Automation software tech set to blast health care into the future
It is easy to see that technology is changing a number of different industries, including healthcare. The way health clinics provide care is changing faster than some might have predicted, and it is changing what people expect from them. Although there are a number of technologies that have been driving change in the modern healthcare industry, there is one that has the potential to fundamentally shift the way the industry conducts business – and it’s automated data collection and analysis technology. Here’s a look at how the technology is poised to disrupt the medical profession, and the effects it is going to have.
The Scale of the Challenge
The reason that this specific area of technology has the capacity to have such a large impact on the industry has to do with the sheer volume of data that healthcare providers collect. Industry analysts estimate that the global healthcare industry will have created 2 zettabytes of data by 2020, and that’s only considering the types of data currently collected. By comparison, the total annual traffic on the global internet was only 1.2 zettabytes in 2016.
A Variety of Data
One of the major challenges that the healthcare industry faces in making use of the mountain of data they’re collecting is that it is coming from multiple disparate sources. Those sources include electronic medical records (EMR) systems, Internet of Things (IoT) devices, and things like patient surveys and insurance information. The data produced isn’t standardized, and the quality of the data differs from source to source. That makes sorting through the information to derive meaningful insights difficult and time-consuming, and simply beyond the capabilities of healthcare staff alone.
A Change Over the Horizon
For the healthcare industry to make efficient use of the data they’ve been collecting, it must be filtered and synthesized into a usable form. That’s where the latest in machine learning technology comes into play. The technology has reached a level of sophistication that makes it a perfect match for the task of dealing with large volumes of both structured and unstructured data. The software can be built to find specific types of information within a variety of data sources and can apply judgment to determine the value and utility of what is located. Best of all, the software will continually learn from the data it reviews, and even request human intervention when necessary.

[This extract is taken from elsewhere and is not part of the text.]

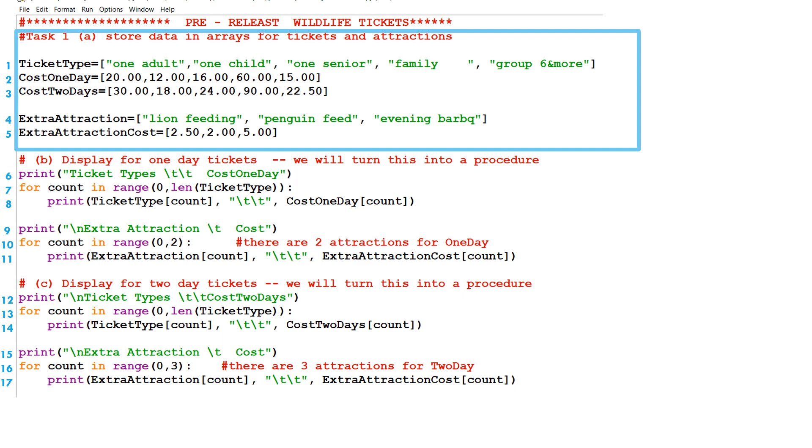Line one, we have the ticket types. We have five ticket types. This is an array. It's a one-dimensional array of type string. And also in line four, we have a one-dimensional array of type string as well, talking about the names of the extra attractions.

Healthcare Staff Unleashed
Machine learning software is going to reduce the amount of time medical professionals spend inputting data or matching symptoms to causes. By leaving the task of data collection and analysis to computerized systems, healthcare professionals will find the answers they need exactly when they need them, with far fewer misdiagnoses. While manual research can miss a possible cause, a learning computer will not. In essence, this kind of software is going to streamline medical treatment to patients and make it more effective, taking care to the next level.
One issue that many hospitals deal with on a regular basis is medical errors. Some of these errors happen because there is a mix up with paperwork, which usually starts with a mistake when reading a patient’s medical history. Collecting unstructured data through automation should help ensure that these types of errors are reduced or even avoided as the technology advances. This may also reduce the chances of incorrect prescriptions due to overlooked information in the patient’s medical history.
Care without Borders
Another aspect of the medical industry that is probably going to change is the way patients are transferred to a general health care provider to a specialist. This task takes a while because the doctor needs to make sure insurance coverage extends to the specialist. Any treatment options need to be covered as well. The automation technology software being introduced should be able to peruse through some of this information and find matches in a manner of seconds, making the patient experience much easier.
Of course, this just represents some of the changes the industry could expect, and some hospitals are already taking advantage of these new technologies. There is no telling what other changes could take place as technology continues to advance, but the current outlook is bright. Modern machine learning and data analysis systems point the way towards a future of efficient, effective medical care, which is an outcome that providers and patients alike have reason to cheer.